Stap 3: Zet je bevindingen op papier
Eenmaal terug op kantoor werk je de bevindingen uit op papier. Weeg de bevindingen tegen elkaar af, bundel ze als het nodig is en bepaal de prioriteiten. Werk dit uit tot een kort en concreet document die je kunt delen met je collega’s, opdrachtgever of bouwteamleden. Het kan nuttig zijn om hier ook een risico-analyse aan te koppelen. Zo weet je zeker dat je de juiste informatie gebruikt om tot een omgevingsplan te komen. Zie het document als fundament waarop de aanpak is gebouwd.
Stap 4: Creëer draagvlak
Door je bevindingen intern te delen zorg je voor intern draagvlak voor je aanpak. Pas wanneer de rest van het projectteam begrijpt waarom je bepaalde maatregelen voorstelt, weet je zeker dat je er voldoende budget, tijd en medewerking voor krijgt. Stem daarom het uiteindelijke plan altijd af met het team en gebruik je bevindingen om je voorstellen te beargumenteren.
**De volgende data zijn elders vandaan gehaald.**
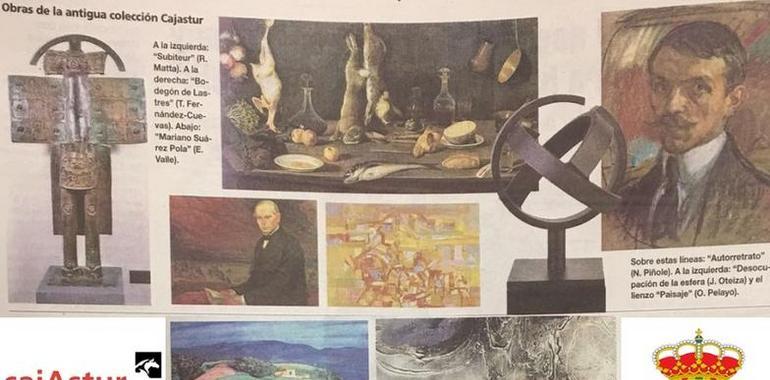 UCIN llama a mantener en Asturias la colección de arte de CAJASTUR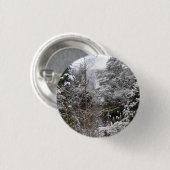 Rond 2,50 Cm Badge Arbres enneigés (Devant & derrière)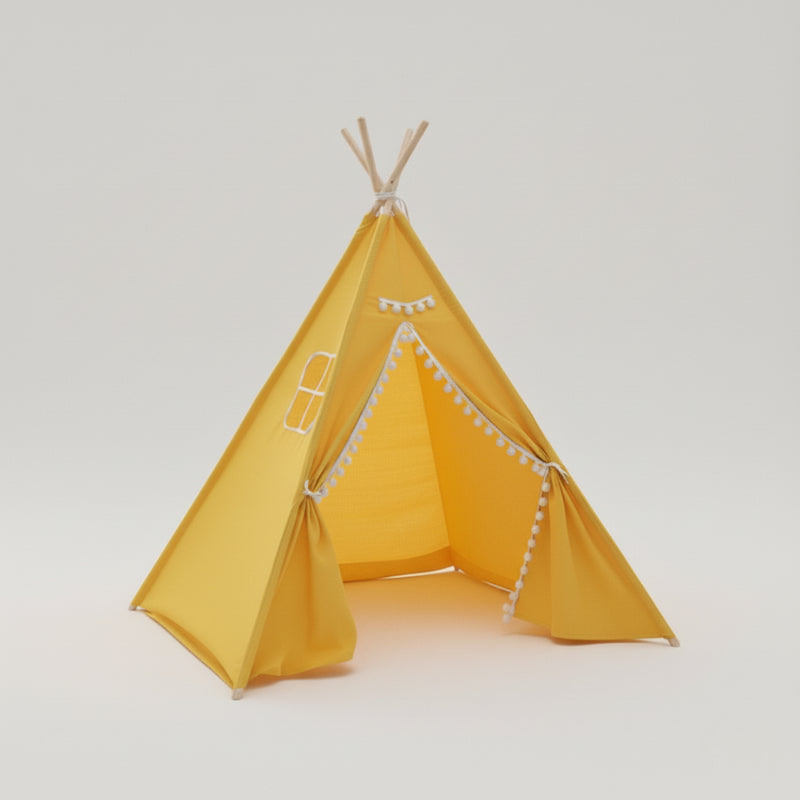 tipi-jaune-jeu-chambre-garcon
Wanneer het plan staat, volgt er nog één belangrijke stap: leg je bevindingen en aanpak voor aan de omgeving zelf. Vraag of je alles goed hebt begrepen en of er nog zaken missen. Zo geef je de omgeving inspraak in de omgevingsaanpak. Uiteraard moet je goed in de gaten houden of alle belangen in de omgeving goed zijn vertegenwoordigd. Let daarbij goed op de balans tussen individuele en collectieve belangen.
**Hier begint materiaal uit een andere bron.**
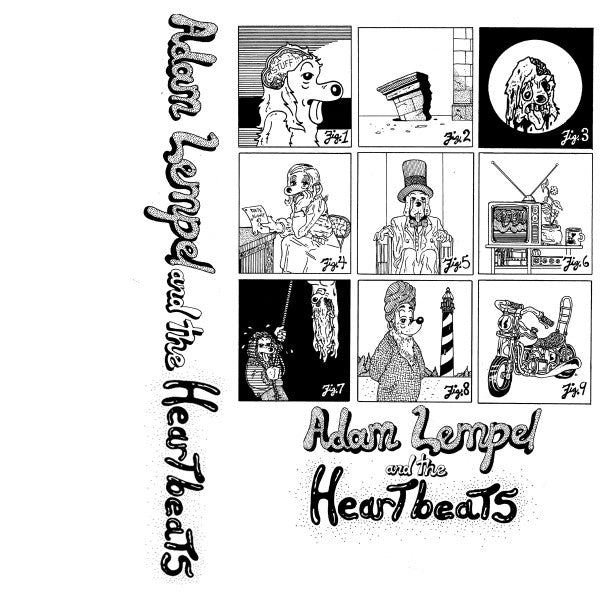 Adam Lempel : Adam Lempel And The Heartbeats (Cass, Album, Dol)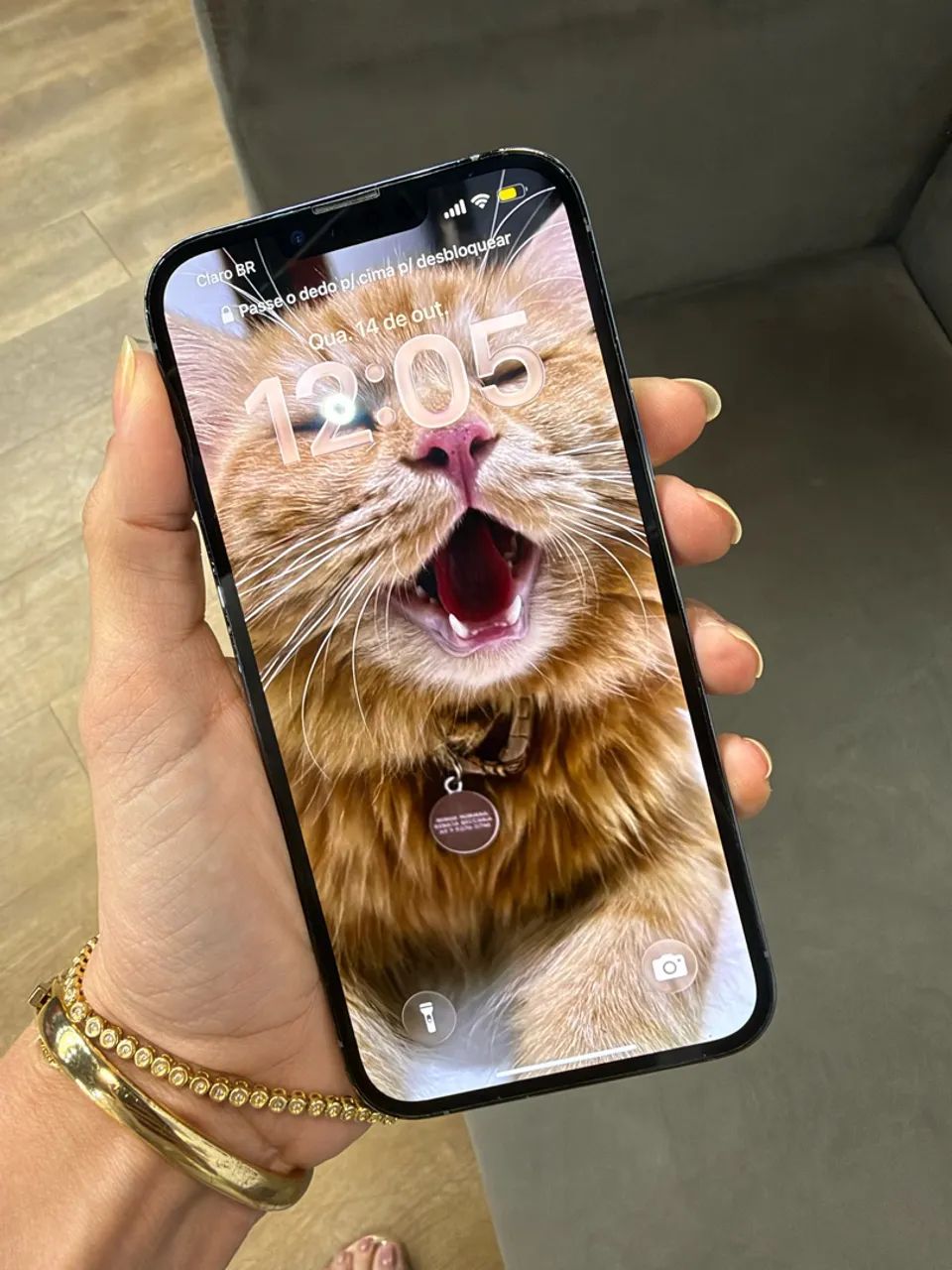 Iphone 13 pro max 256gb - Foto 5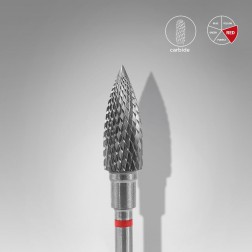 Flame Red 5.0mm/13.5 mm Carbide drill bit STALEKS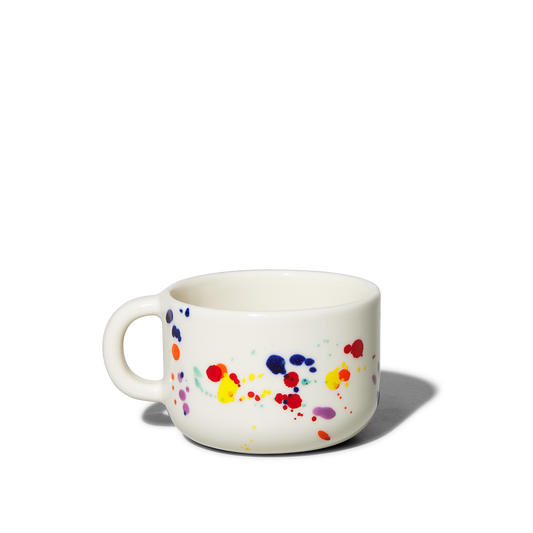 Cappuccino Cup in Confetti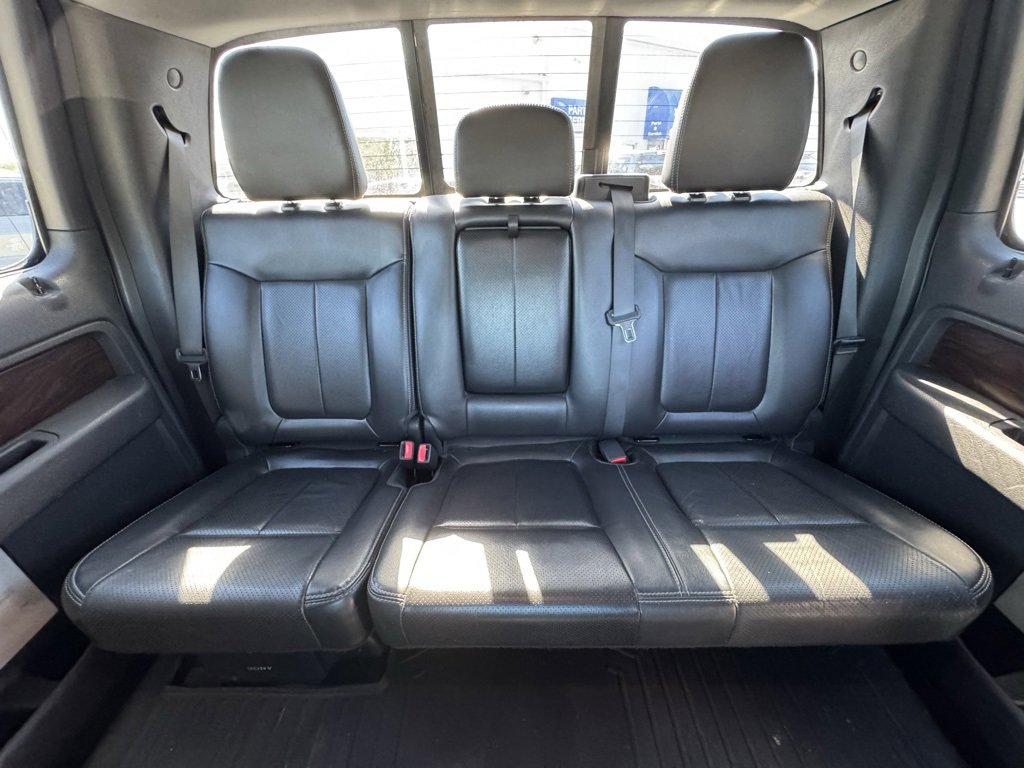 Used 2012 Ford F150 Lariat w/ Lariat Chrome Pkg image 13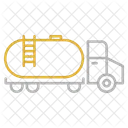 石油、タンク、輸送 アイコン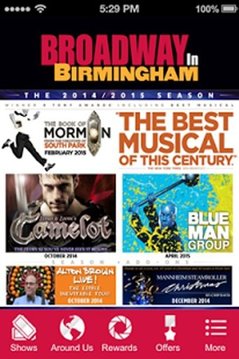 Broadway in Birmingham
Stap 5: Communiceer over hoe je communiceert
Er wordt weleens gezegd dat omgevingsmanagement voor meer dan de helft bestaat uit verwachtingsmanagement. Zorg er daarom voor dat de verwachtingen ook op het gebied van communicatie overeenkomen met de praktijk. Verzeker dat iedereen weet via welke kanalen en hoe vaak je mensen op de hoogte houdt, en misschien nog belangrijker: waar en bij wie ze moeten zijn om vragen te stellen en zorgen te delen. Het enige wat je dan nog hoeft te doen is jezelf houden aan de aanpak zoals je deze hebt gedeeld en bij te stellen als dat nodig blijkt.
Hopelijk helpen deze stappen ook jou om tot een succesvolle aanpak te komen!